- [WORK ITEM]
Look for the line with "Panqueca Delícia: Uma"; please transcribe it and every later line in the entries exactly, up to the end, leaving pictures out.

*** Opening of AVAILABLE DATA ***

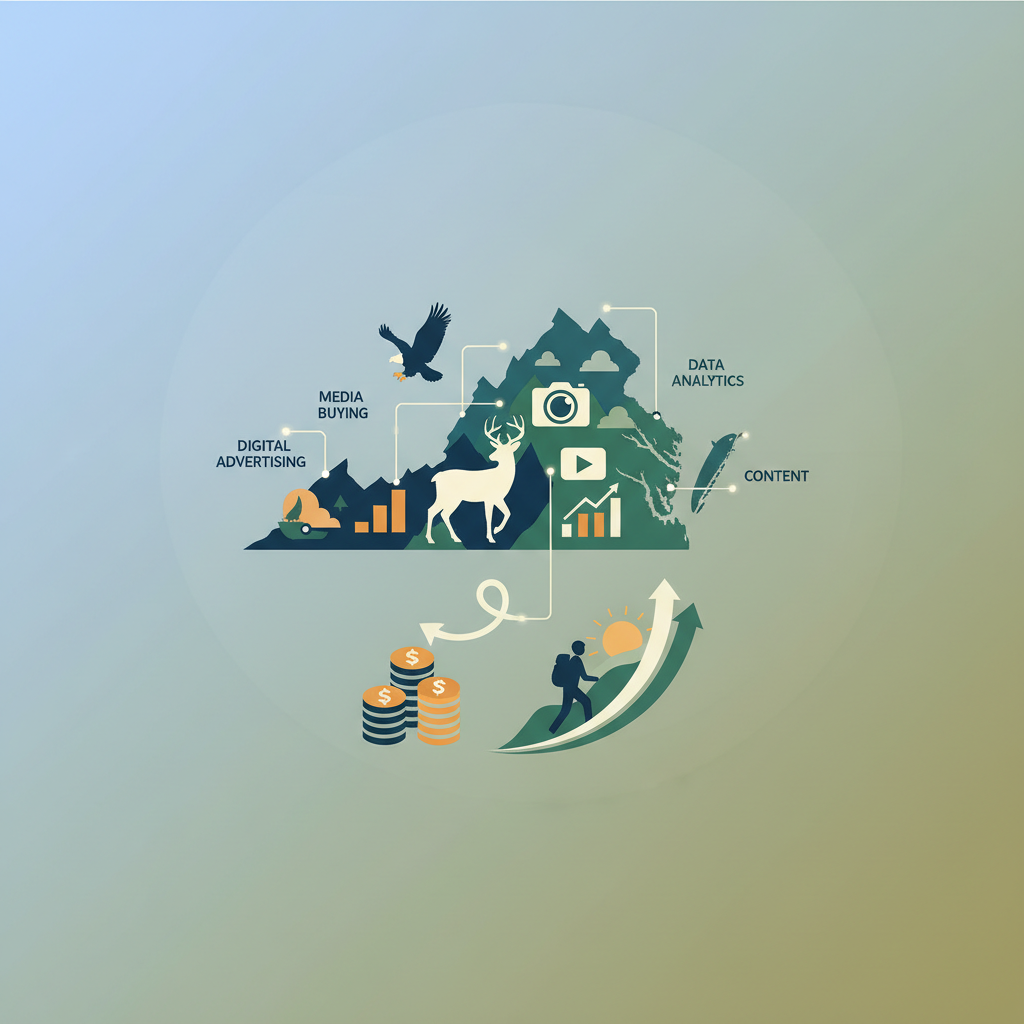 Marketing RFP Issued By Virginia Department of Wildlife Resources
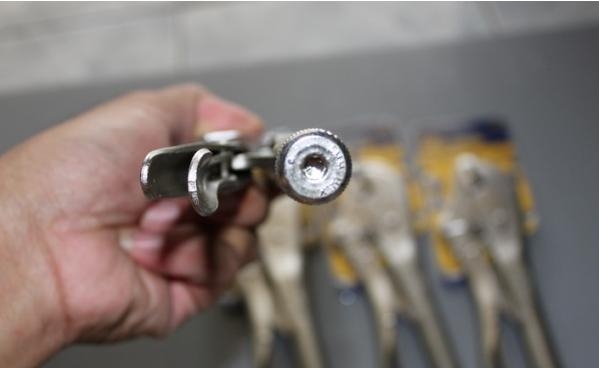 คีมล็อค VISE-GRIP แท้ USA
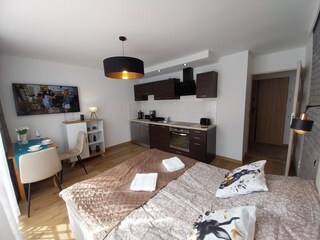 Appartement Swinemünde Kenmerken 12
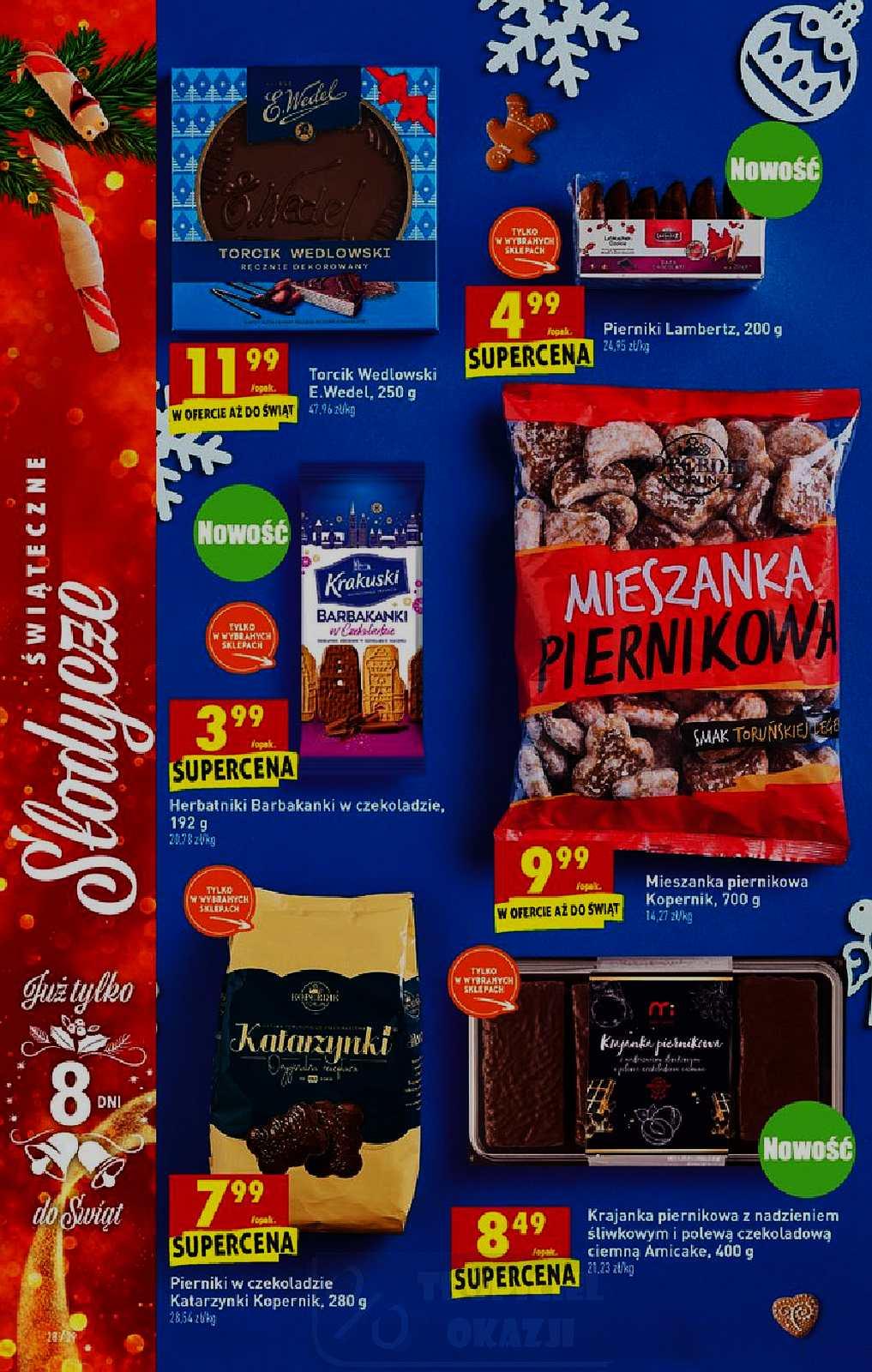 Gazetka promocyjna Biedronka do 22/12/2021 str.28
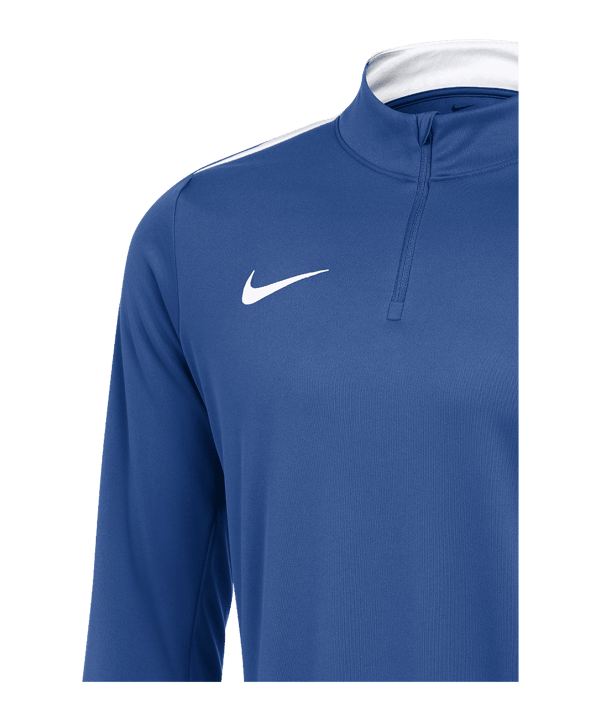 Nike Academy Pro 24 Drill Top Blau F467 - blau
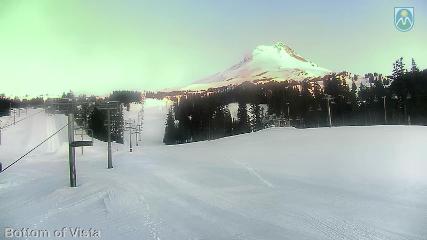 Mount Hood Meadows webcam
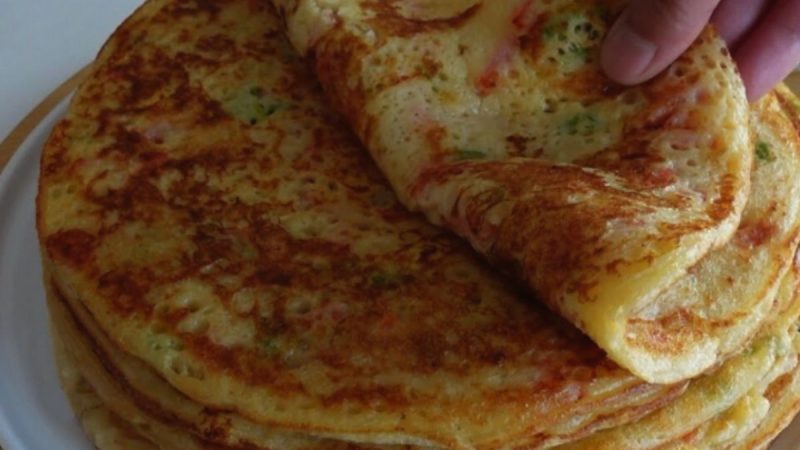 Panqueca Delícia: Uma Receita Surpreendente que Você Precisa Experimentar!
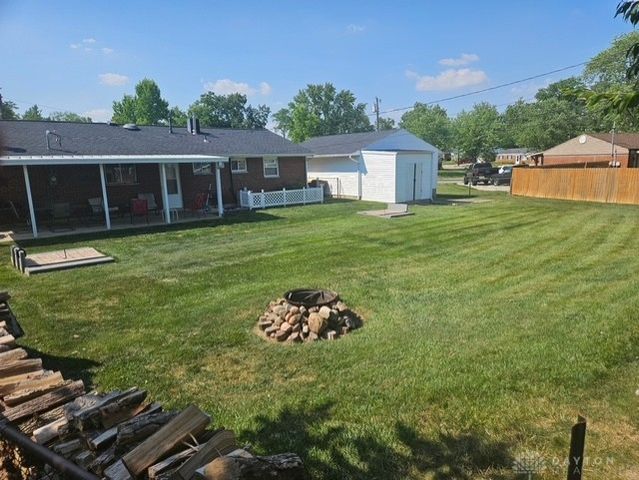 109 Ostend Drive, Brookville, OH 45309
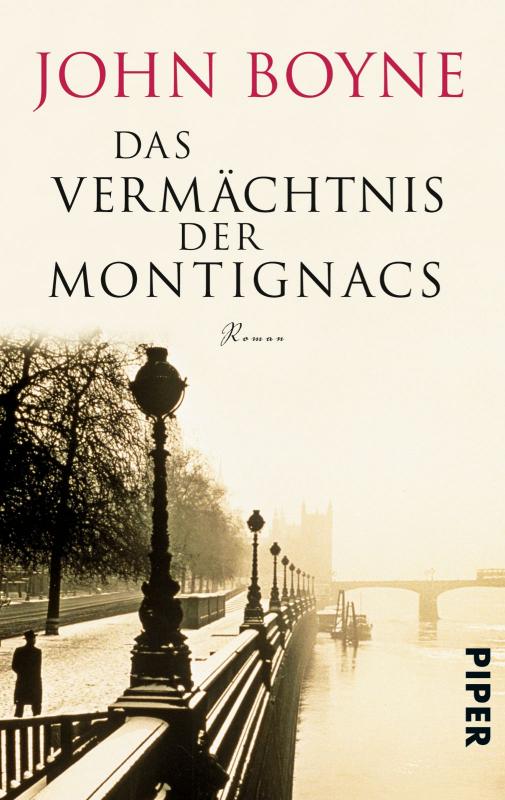 Cover-Bild Das Vermächtnis der Montignacs
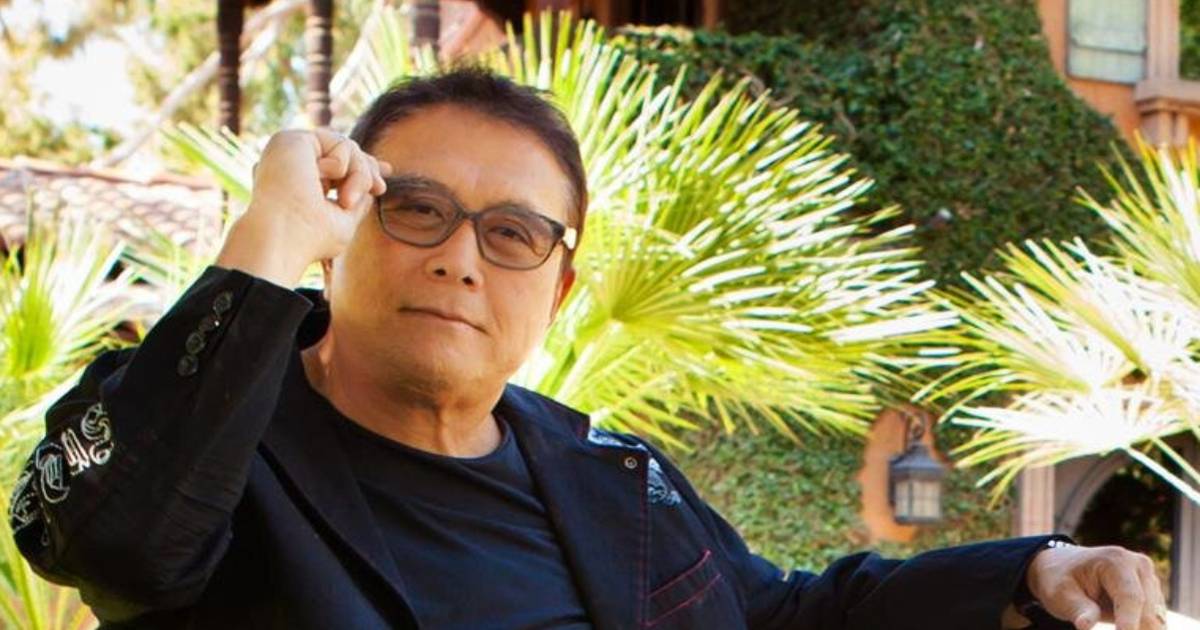 Robert Kiyosaki predice cuándo colapsará el dólar y recomienda comprar bitcoin – El Financiero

*** Close of AVAILABLE DATA ***

- [EXERCISE RESULT]
 Panqueca Delícia: Uma Receita Surpreendente que Você Precisa Experimentar!
 109 Ostend Drive, Brookville, OH 45309
 Cover-Bild Das Vermächtnis der Montignacs
 Robert Kiyosaki predice cuándo colapsará el dólar y recomienda comprar bitcoin – El Financiero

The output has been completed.